If I was going to do one, I wanted to do one for me. As a celebration of my body rather than as an object of desire and I certainly wasn’t about to go on a slim down diet or whack on a full face of heavy makeup for it either.
I wanted more of a natural body gallery with an arty vibe, an observation piece of the female form. A way to portrait my feminine energy and capture my body in time – just how it was – without posing in certain ways to slim it down, hide rolls or ‘be sexy’.
That’s when I found Amy on Instagram, a local wedding photographer by day and boudoir photographer by night with a very natural style. There was no Kardashian-like post production blur and forced pouts in her portfolio, just real skin texture and genuine smiles. Shoots could be done in her local home studio The Darkroom or if you’re close enough she travels to you.
So I booked a session at home, and got ready for my first nudey experience!
Not only was Amy so wonderfully warm and calming but she just understood the assignment from the start. We posed in various places around the house in my understated bralettes, shirts and high waisted pants. We went topless…and bottomless too! I felt incredible, liberated and strong. If I could bottle the feeling I had during my shoot I would, it was effortless and I didn’t feel awkward at all.
I was a little nervous when she contacted me with my photos. What was I going to think? Would I criticise and hate them all like I’ve done with so many of my photos in the past?
But I had nothing to worry about at all. Every single photo was stunning and I saw myself in a whole new light. It wasn’t ‘full frontal'(!) but there were boobs and a cheeky bottom every now and again alongside naturally joyful shots and also some more sensual poses.
What I was left with was a series of beautiful photos of my body, frozen in time through the lens. A snapshot of me, my energy, my confidence and my body right now just as I am.
(Of course the photos I’m sharing here are the ‘more safe for work’ shots!)

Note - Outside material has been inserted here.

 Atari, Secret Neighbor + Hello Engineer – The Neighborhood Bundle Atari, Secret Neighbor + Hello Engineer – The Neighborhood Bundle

But I never intended my shoot to be a one off event. I booked Amy in the middle of our journey to grow our family because I suddenly realised that if we got our wish, my body would never look the same again. I wanted the chance to capture it both now AND after…
My Body Is Changing
For those who follow me on Instagram or Youtube, you’ll know that I’m sat here 6 months pregnant! So far my pregnancy has astounded me and the respect I felt for my body has quadrupled seeing the changes it’s going through to grow our tiny human. It seriously blows my mind.

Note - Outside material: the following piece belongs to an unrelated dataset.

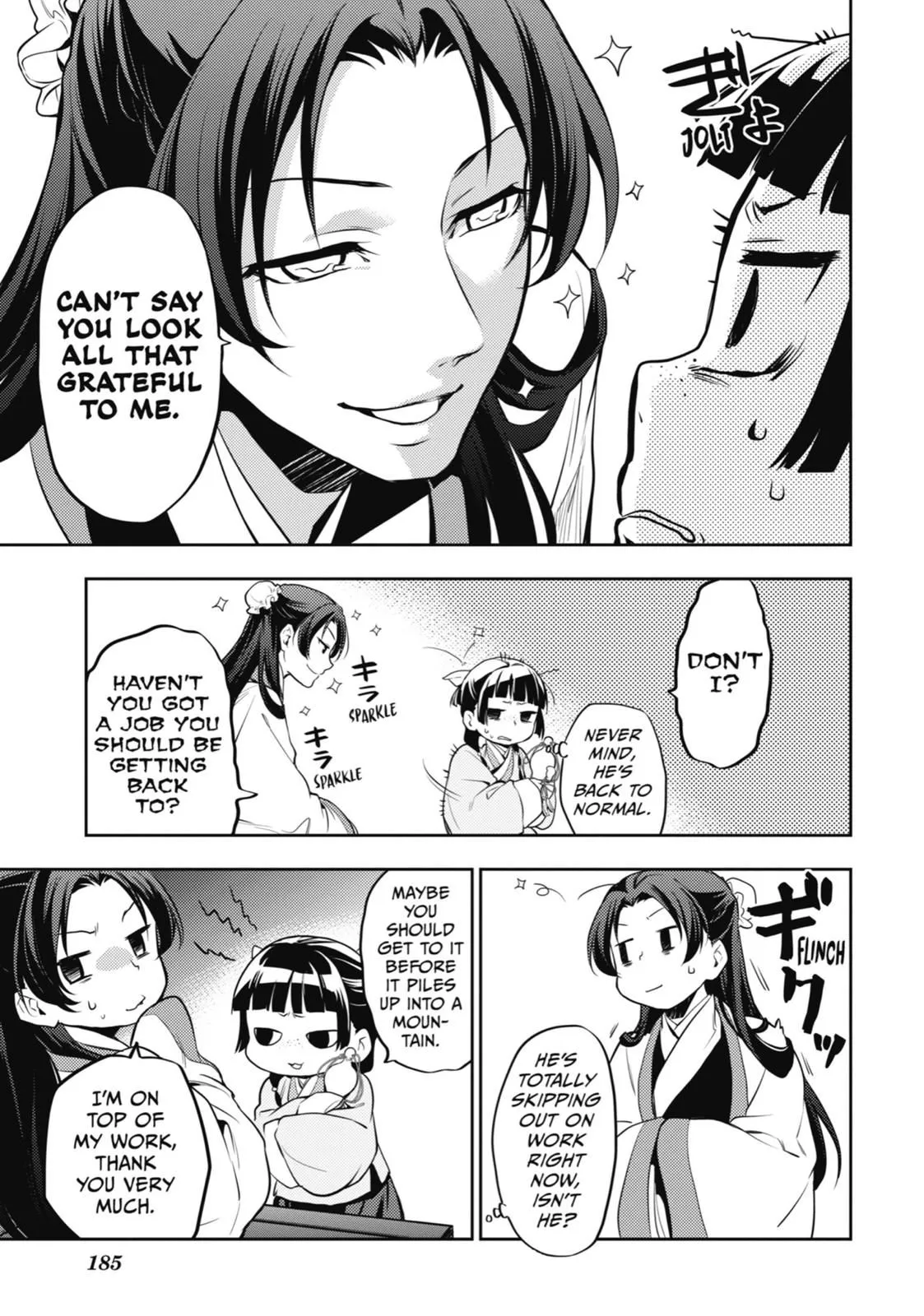 Read Kusuriya no Hitorigoto (EN) Manga Online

I feel apprehensive at times wondering what my body might look like after birth. Will I have loose skin, scars, stretch marks a permanent bulge? Will my boobs be deflated and round my ankles? (most probably!). I think its fear of the unknown. A worry over potentially having to start again with my body confidence journey and it can feel overwhelming at times. But I’m hoping the respect and admiration I feel for my body right now will carry me through. That I’ll be able to admire the permanent changes to my body instead of chastise them.
It’s always surprised me how society gushes over pregnant bodies but instantly starts shaming them as soon as babies are born. How the world expects people to go through this incredible journey but bare no evidence of it afterwards. I suppose we’ll see where my mind is with all of that next year – to be continued…!
However I feel, I’ll be booking another shoot. I want to create a little self portrait body series throughout my journey. My before, during and after pregnancy photos telling a story of what my body has been through. Showing those stages of my life and the power my body holds.
I wonder how different it will feel in front of the camera pregnant and afterwards with however my body settles post-baby. Will feel more or less self conscious with a post-baby body than I did before? I suppose only time will tell. But I’m so, SO glad I took the plunge and did this nude boudoir photoshoot. They say you never regret the things you do, only the things you don’t do right?
Would you do a nude boudoir photoshoot? Do you think it would help your body confidence?